# Bikini top issues?!



## Beautybuyer (Feb 28, 2013)

Okay so question to the big busted ladies.  After getting pregnant with my second my breasts are now huge! I'm always worried I'm going to have a slip lol I've read somewhere about using water proof bandage tape to hold them in place but does anyone know how that works? Or where they make cute bikinis? I love VS but the swimsuit I have I have the top in large and around my waist it's kinda loose and it feels like they may just come out anyway lol


----------



## Sophiaaa (Mar 14, 2013)

I really don't have any idea since i didn't face this type of situation before. 

 All i want to say that you need to wear lose dress as much as possible in order to make yourself comfortable. If you want to wear anything tight that would make yourself heavy in front of others. 

All i want to say, feel comfortable, each of every woman usually go through in this stage. Just wait with patience till the birth of your child. Best of luck to your child.


----------



## purplevines (Apr 23, 2013)

If the large at VS fit the cup part I tend to end up sewing the band so that its tighter. If its a tie around you of course don't have to, but the ones with the hook is what I do that too.

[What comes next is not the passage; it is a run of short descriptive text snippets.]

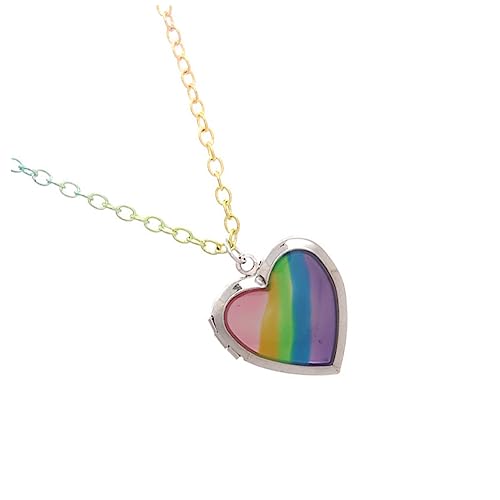 KOMBIUDA Herzanhänger Metallkette für Mädchen Zartes Party Schmuckaccessoire Farbenfrohe Regenbogen Kette Liebevoller Fotoanhänger Geschenkidee für Geburtstage und Festlichkeiten von KOMBIUDA
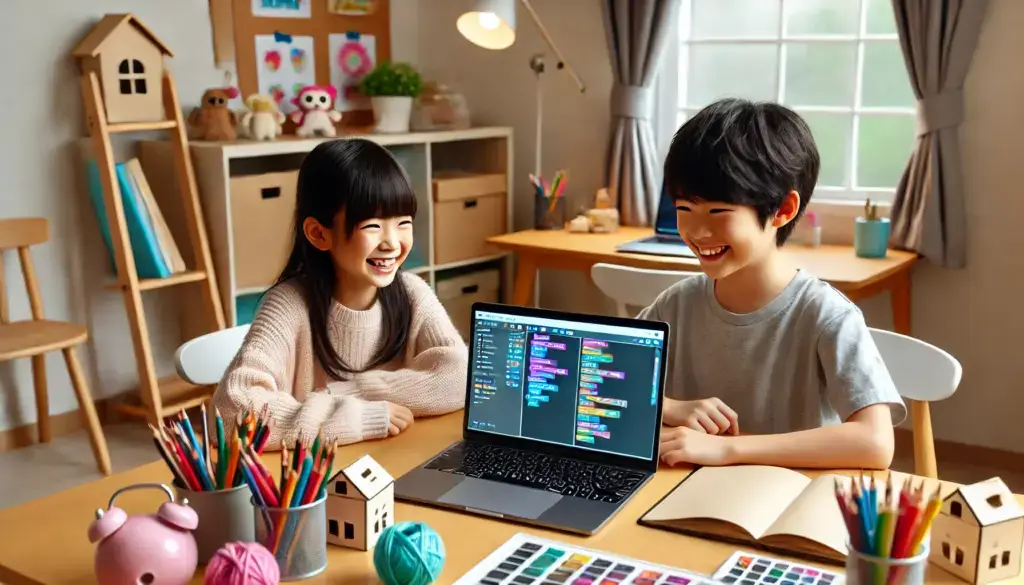 scratchの日本語のプログラミングで出来たゲームに満足そうな子供のイラスト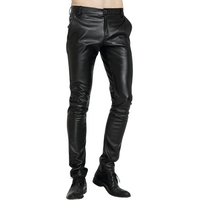 Herren Lederhose Slim Fit - Modische Lederjeans kaufen-Schwarz-28-Luzern Mode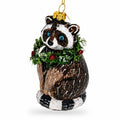 Racoon with Wreath Glass Christmas Ornament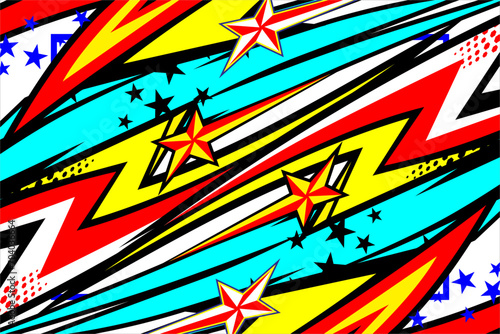 vector abstract racing background design with a unique striped pattern and a combination of bright colors and star effects suitable for wrap car designs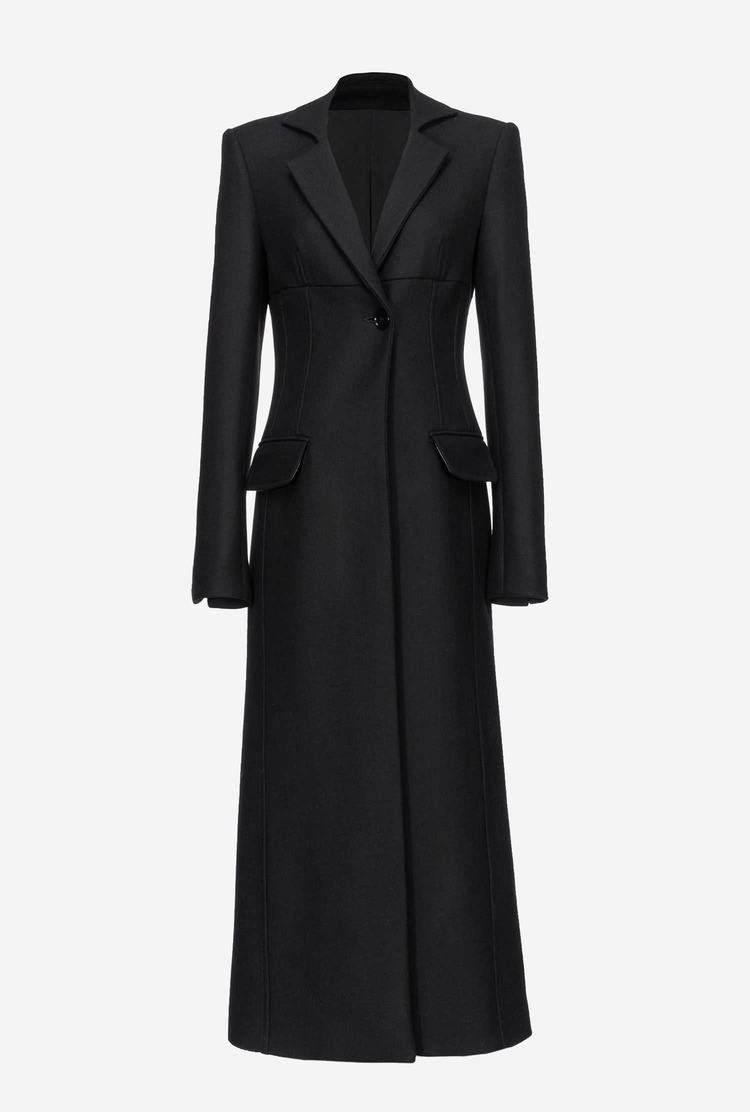 Women's Pinko Long Fitted Coats Black | Australia-35418099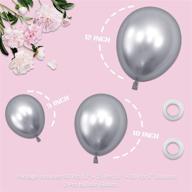 🎈 77 pack of silver balloons in 3 sizes - metallic chrome silver latex balloon arch for wedding, birthday, engagement, and baby shower decorations logo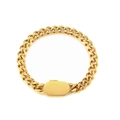 Minimalist 18K gold plated stainless steel Cuban link bracelet with flat oval clasp - Smooth Oval Metal Buckle Thick Chain Bracelet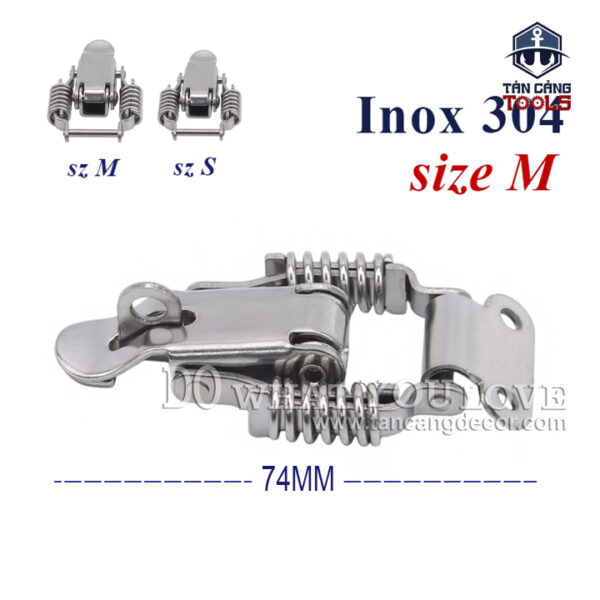 Khóa Gài Inox 304 Loại Có Khóa Dạng Lò Xo Size M – KT :7.4 cm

  	I still find the support in many bathing suits lacking...and unfortunately many places think push up = support 

  	Asos.com has big sizes too but since you are pregnant (or feeding) you probably don't have a stable size so that isn't much help!

  	Also, try smaller stores/chains in your city?


----------



## Beautybuyer (Apr 26, 2013)

purplevines said:


> If the large at VS fit the cup part I tend to end up sewing the band so that its tighter. If its a tie around you of course don't have to, but the ones with the hook is what I do that too.  I still find the support in many bathing suits lacking...and unfortunately many places think push up = support   Asos.com has big sizes too but since you are pregnant (or feeding) you probably don't have a stable size so that isn't much help!  Also, try smaller stores/chains in your city?


 I'm breast feeding and they're just huge! The VS large cup they still half gush out of lol I look like a porn star! I need to try the water proof bandage tape to tape them in and secure them. I will also try that website thanks! I'm still a 34 around so it's beyond a pain to find something and I leave to Hawaii in June!


----------



## purplevines (May 11, 2013)

Wow have fun in Hawaii! I hope that you find something!


----------